Die Bundesregierung vertritt die Auffassung, dass ein Einfrieren der Beitrittsgespräche mehr schaden als nützen würde. Bundesaußenminister Frank-Walter Steinmeier warnte jüngst davor, dass ein solcher Schritt die aktuellen Verhandlungen über ein Ende der Teilung der Insel Zypern gefährden könne.

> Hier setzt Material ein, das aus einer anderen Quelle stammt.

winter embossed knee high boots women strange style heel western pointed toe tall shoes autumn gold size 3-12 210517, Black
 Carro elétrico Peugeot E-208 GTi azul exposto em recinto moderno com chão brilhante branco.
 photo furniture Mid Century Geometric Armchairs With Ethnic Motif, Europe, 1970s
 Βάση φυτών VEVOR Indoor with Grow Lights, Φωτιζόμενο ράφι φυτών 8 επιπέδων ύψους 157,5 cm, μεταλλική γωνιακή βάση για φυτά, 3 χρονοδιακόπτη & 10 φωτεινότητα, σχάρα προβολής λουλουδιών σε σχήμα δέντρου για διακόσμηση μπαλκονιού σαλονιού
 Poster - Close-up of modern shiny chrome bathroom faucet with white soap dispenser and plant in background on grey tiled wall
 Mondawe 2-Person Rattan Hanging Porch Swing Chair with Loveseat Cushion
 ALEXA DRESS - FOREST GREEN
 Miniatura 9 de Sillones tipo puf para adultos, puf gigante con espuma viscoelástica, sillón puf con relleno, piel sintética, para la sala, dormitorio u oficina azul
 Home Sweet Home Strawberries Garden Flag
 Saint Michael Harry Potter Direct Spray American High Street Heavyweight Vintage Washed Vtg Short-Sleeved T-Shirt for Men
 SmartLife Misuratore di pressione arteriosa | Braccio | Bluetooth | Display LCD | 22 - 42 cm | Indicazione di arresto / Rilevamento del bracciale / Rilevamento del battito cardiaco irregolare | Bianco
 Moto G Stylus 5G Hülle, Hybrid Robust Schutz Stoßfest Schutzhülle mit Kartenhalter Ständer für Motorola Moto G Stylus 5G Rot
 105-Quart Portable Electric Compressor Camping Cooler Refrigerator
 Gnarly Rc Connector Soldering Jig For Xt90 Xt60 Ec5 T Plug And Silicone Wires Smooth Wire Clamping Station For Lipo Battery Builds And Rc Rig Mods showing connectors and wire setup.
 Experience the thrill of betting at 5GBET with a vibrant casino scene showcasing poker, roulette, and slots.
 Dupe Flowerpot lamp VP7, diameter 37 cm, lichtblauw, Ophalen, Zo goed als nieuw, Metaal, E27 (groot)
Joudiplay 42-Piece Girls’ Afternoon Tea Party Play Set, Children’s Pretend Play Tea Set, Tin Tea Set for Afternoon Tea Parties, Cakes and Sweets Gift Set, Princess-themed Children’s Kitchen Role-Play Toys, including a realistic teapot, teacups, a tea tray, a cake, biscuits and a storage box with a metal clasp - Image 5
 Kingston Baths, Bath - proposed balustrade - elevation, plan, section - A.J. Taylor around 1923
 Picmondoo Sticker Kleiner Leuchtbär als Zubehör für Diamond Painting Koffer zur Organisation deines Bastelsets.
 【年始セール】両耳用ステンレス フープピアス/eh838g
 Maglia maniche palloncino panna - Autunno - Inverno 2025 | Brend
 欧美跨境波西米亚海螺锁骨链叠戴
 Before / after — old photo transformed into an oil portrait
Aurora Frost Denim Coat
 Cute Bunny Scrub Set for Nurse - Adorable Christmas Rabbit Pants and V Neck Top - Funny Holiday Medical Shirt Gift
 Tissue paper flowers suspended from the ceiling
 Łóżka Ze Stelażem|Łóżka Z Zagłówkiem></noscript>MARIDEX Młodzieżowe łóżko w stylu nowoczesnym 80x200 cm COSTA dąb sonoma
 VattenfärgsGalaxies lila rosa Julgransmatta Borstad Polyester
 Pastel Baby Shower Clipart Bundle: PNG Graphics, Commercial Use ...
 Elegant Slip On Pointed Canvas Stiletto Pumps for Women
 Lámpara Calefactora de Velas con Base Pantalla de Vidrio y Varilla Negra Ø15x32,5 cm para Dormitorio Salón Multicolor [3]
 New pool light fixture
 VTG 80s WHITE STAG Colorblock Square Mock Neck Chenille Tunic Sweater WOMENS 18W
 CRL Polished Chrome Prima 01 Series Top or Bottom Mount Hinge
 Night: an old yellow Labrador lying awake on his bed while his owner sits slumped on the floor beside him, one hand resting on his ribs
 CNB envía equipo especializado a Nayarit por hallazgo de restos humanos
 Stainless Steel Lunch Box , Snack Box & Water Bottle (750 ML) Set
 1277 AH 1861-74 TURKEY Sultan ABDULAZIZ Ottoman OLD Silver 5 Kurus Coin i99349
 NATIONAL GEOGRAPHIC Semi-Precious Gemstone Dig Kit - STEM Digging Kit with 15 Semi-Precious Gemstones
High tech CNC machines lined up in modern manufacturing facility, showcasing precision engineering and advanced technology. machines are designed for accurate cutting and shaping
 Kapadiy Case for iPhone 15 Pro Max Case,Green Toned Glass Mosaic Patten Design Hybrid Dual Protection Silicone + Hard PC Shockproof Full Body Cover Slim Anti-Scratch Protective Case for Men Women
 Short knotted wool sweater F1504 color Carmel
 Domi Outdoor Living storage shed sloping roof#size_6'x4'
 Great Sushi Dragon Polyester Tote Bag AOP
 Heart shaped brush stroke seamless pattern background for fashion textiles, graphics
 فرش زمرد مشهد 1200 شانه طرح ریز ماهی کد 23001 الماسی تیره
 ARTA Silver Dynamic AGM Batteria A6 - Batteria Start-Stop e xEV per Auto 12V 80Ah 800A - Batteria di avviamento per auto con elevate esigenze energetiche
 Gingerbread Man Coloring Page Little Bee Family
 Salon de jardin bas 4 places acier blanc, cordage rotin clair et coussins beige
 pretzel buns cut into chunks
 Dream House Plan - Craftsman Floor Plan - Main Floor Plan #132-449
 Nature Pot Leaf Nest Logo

Zudem werden Risiken wegen der Vereinbarungen mit der Türkei zur Flüchtlingskrise sowie der wichtigen Rolle des Landes im Syrien-Konflikt gesehen.
Kurz sieht das häufig vorgebrachte Argument, durch die Beitrittsverhandlungen könne die EU die Türkei in eine positive Richtung entwickeln, spätestens nach den Entwicklungen der vergangenen Monate für widerlegt. «Die Türkei hat sich kontinuierlich immer weiter weg von der Europäischen Union entwickelt», sagte er.
Wie die Türkei auf die neuen Erklärungen aus Brüssel reagiert, blieb zunächst offen. Die EU-Kommission hatte bereits vor dem Ministertreffen versucht, die Bedeutung eines Ausweitungsstopps herunterzuspielen. «Wir haben seit dem versuchten Staatsstreich keine wirklichen Beitrittsverhandlungen. Und ich sehe das auch nicht in den nächsten Monaten», sagte der zuständige EU-Kommissar Johannes Hahn. Aus seiner Sicht sei die ganze Debatte deswegen «artifiziell».
Der luxemburgische Außenminister Jean Asselborn sagte nach dem EU-Treffen der «Süddeutschen Zeitung», die von der slowakischen EU-Präsidentschaft veröffentlichte Erklärung habe keinen «legalen Wert». Ähnlich hatte sich Kanzlerin Angela Merkel über die von der Türkei scharf kritisierte Armenien-Resolution des Bundestages geäußert. In ihr wurden die Massaker an den Armeniern im Osmanischen Reich vor 100 Jahren als Völkermord verurteilt.